No European World Cups for Kintner

Jill Kintner pilots her Team Transitions' Blindside to an elite women's first place.

Jill Kintner pilots her Team Transitions' Blindside to an elite women's first place. (Image credit:

For Jill Kintner, 2010 has been all about doing something different. First, there was a new team. Then there was a new discipline of racing: downhill.

Kintner is a proven four cross and BMX racer.  The American has won three four cross world titles and a bronze medal in BMX at the Olympic Games in 2008. However, the 28-year-old has been racing her bike since she was seven years old, and it was time for her to mix things up. At the start of the year, she joined Team Transitions and made a commitment to downhill racing.

"It's my first year racing downhill, and I've been doing a lot of it.
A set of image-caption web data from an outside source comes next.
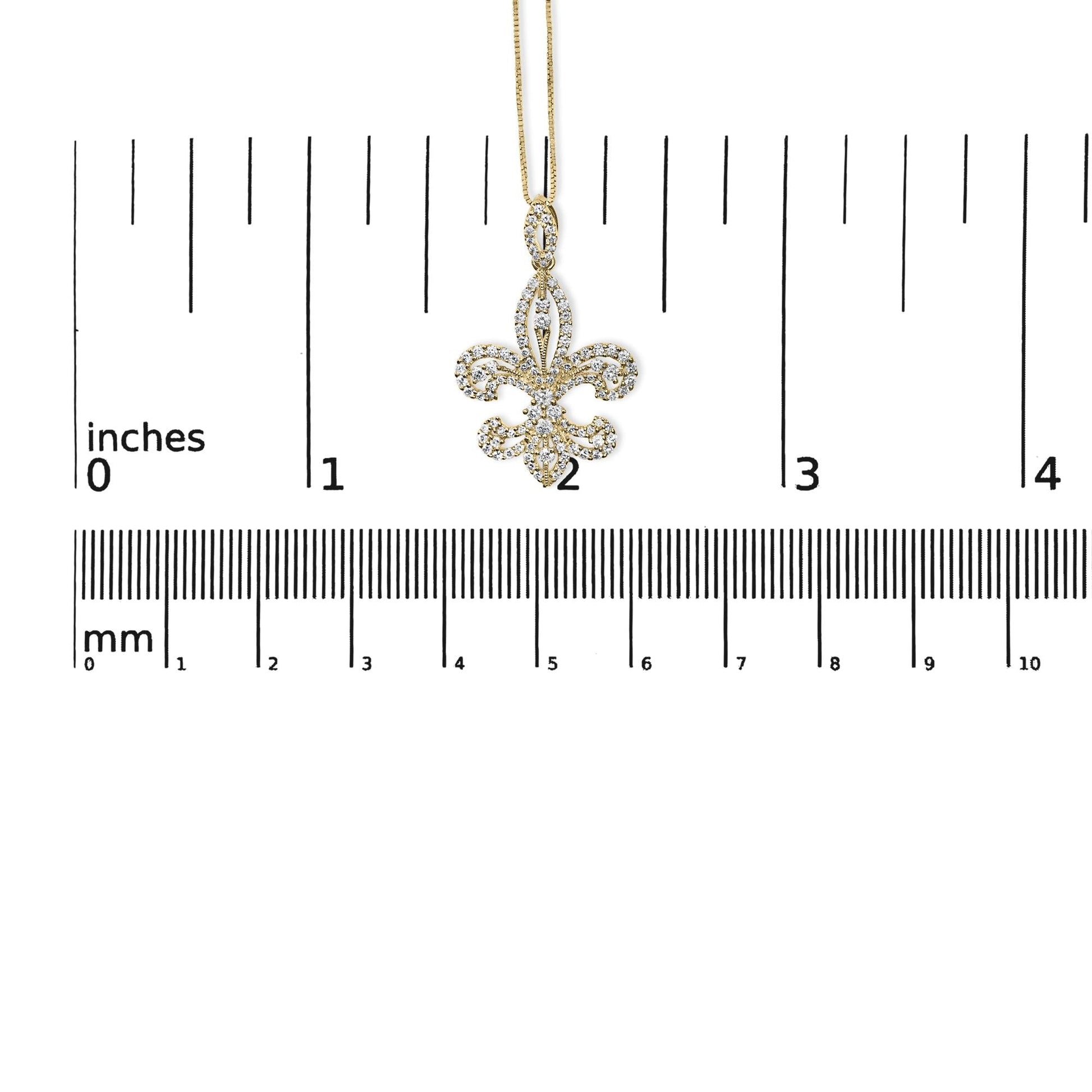14K Yellow Gold 1.00 Cttw Round Diamond Fleur De Lis 18" Pendant Necklace (H-I Color, SI2-I1 Clarity)-4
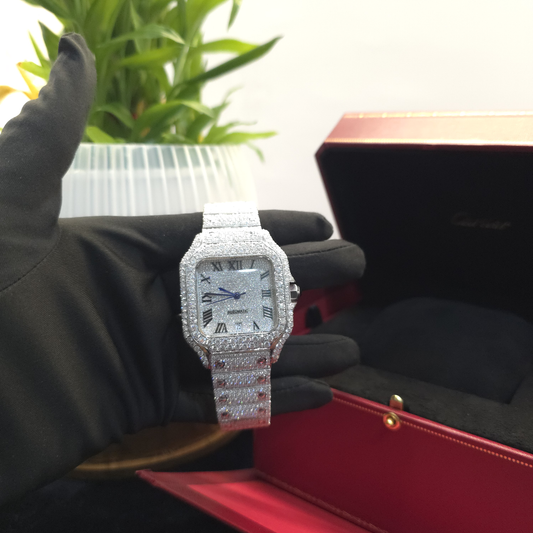 41MM White Gold Plated Fully Iced Square Case Roman Dial Moissanite Watch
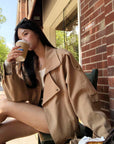 Korean Style Khaki Trench Coat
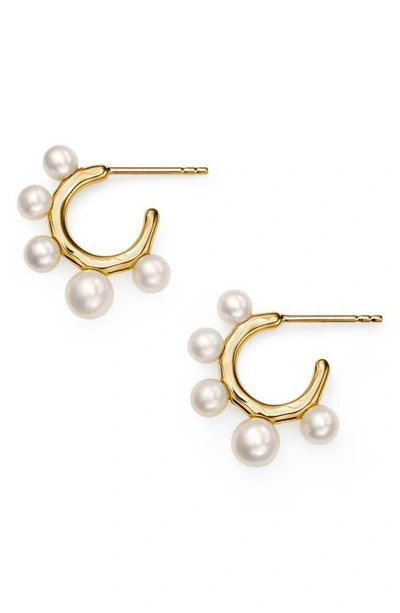 Shop Ippolita Nova Teeny Freshwater Pearl Hoop Earrings In Gold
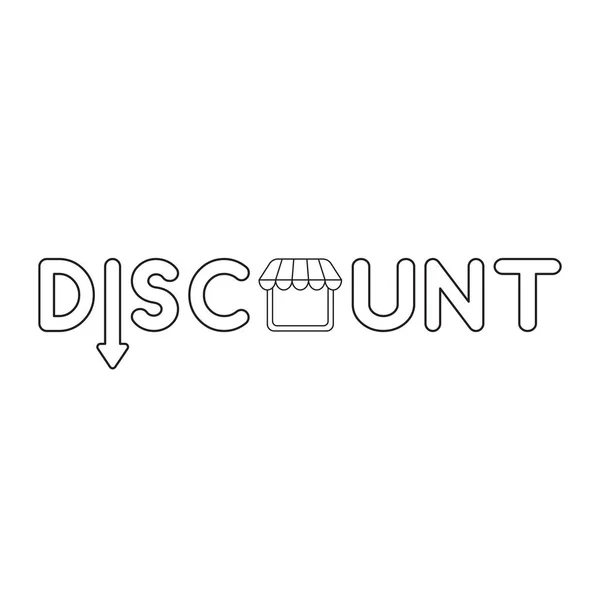 Vektor-Icon-Konzept von Discount-Wort mit Pfeil nach unten und Shop st — Stockvektor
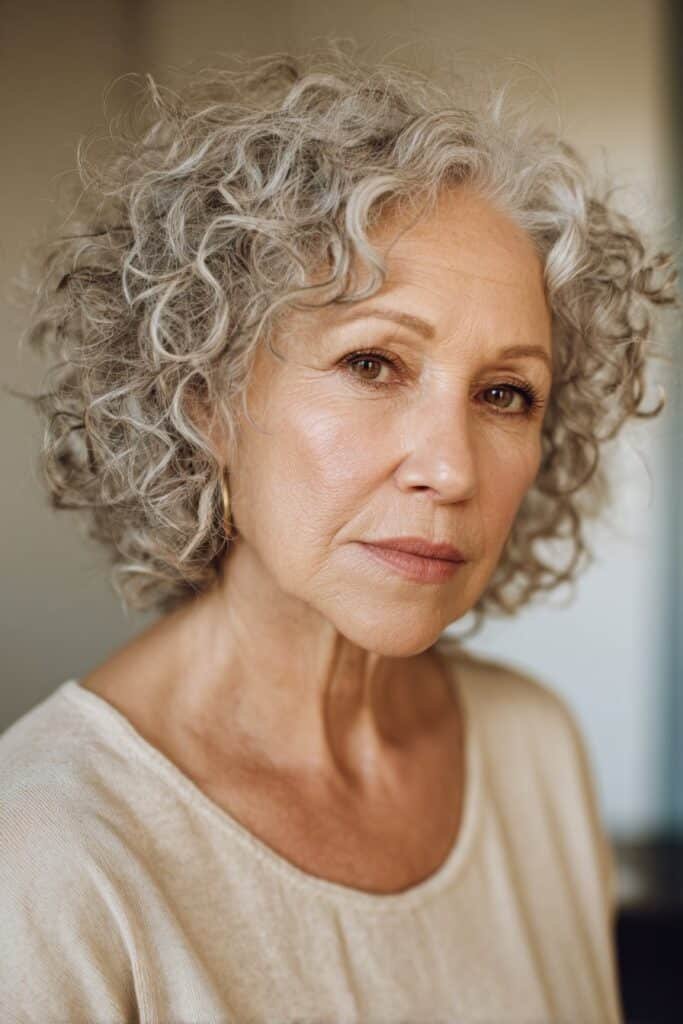 woman over 70 with short curly gray crop hairstyle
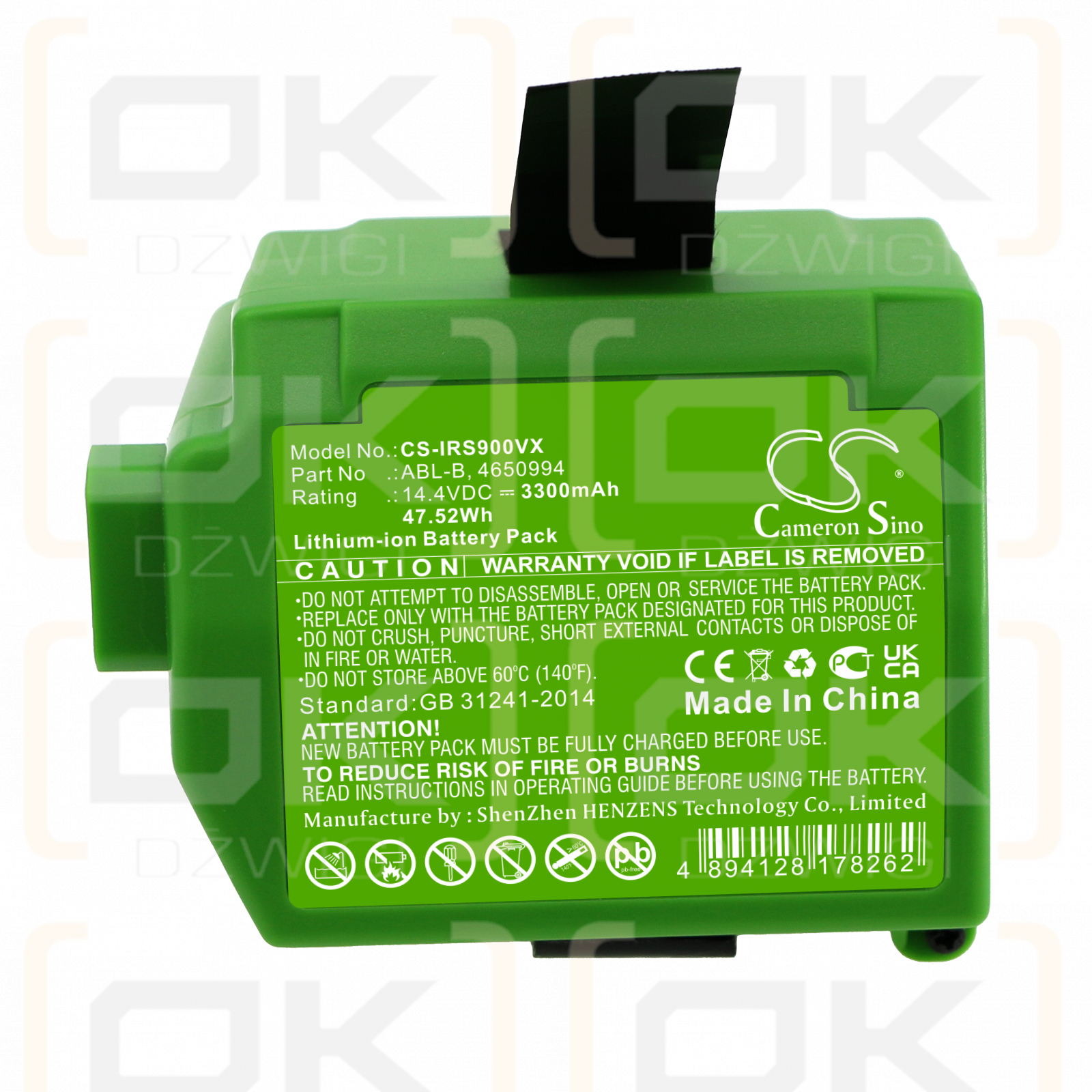 iRobot S955020 / ABL-B 3300mAh Li-ion 14.4V (Cameron Sino)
I feel like I have accomplished something," she said to Cyclingnews after winning the US Downhill National Championships in Granby, Colorado, in the middle of July.

"I was up for a new challenge and am feeling pretty good," said Kintner. "It's good to step out of your comfort zone and try something new. I'm really enjoying it. I like the technical aspects of downhill and no one really runs into you. There is more variety in the downhill training. You're not limited to a BMX track. It's a great vibe and good people."

Kintner is taking a break from four cross training and racing. "I'm taking a full year's break from four cross this year. Doing full gate starts every day is not how I want to spend my time any more."

To make the switch between disciplines, Kintner has had to alter her training.

"You take more hits in downhill, but the main difference is that it's 3.5 minutes verses 30 seconds, so I get really tired. I've changed my training a lot to adapt."

Kintner's biggest challenge en route to becoming the new US downhill national champion was finding her way over the jumps on this year's course.

"I don't think any other women rode those jumps but Katie Holden, and she broke her wrist in practice. I was happy to accomplish those jumps. I felt like I won just by doing those before I even knew I won ... just by getting the courage to do them. It took me a long time to get the courage to do them, and I finally squeezed them out in the final run."

Kintner credited the injured Holden for encouraging her to do the jumps and dedicated her title-winning run to her.

"I got a little funny in the air over the first jump in my final run because I was tired, but on the big one at the end, I dabbed a little. It could haven't gotten ugly. Sure, there are go-arounds, but they are usually a second slower."

Kintner was especially happy that her national title qualified her for the World Championships in Mont-Sainte-Anne, Quebec, Canada in early September. "Qualifying for worlds was my biggest goal. I stayed in North America all year so I could build up my expereince."

Her only World Cup appearance this year will be at the finals in Windham, New York, at the end of August.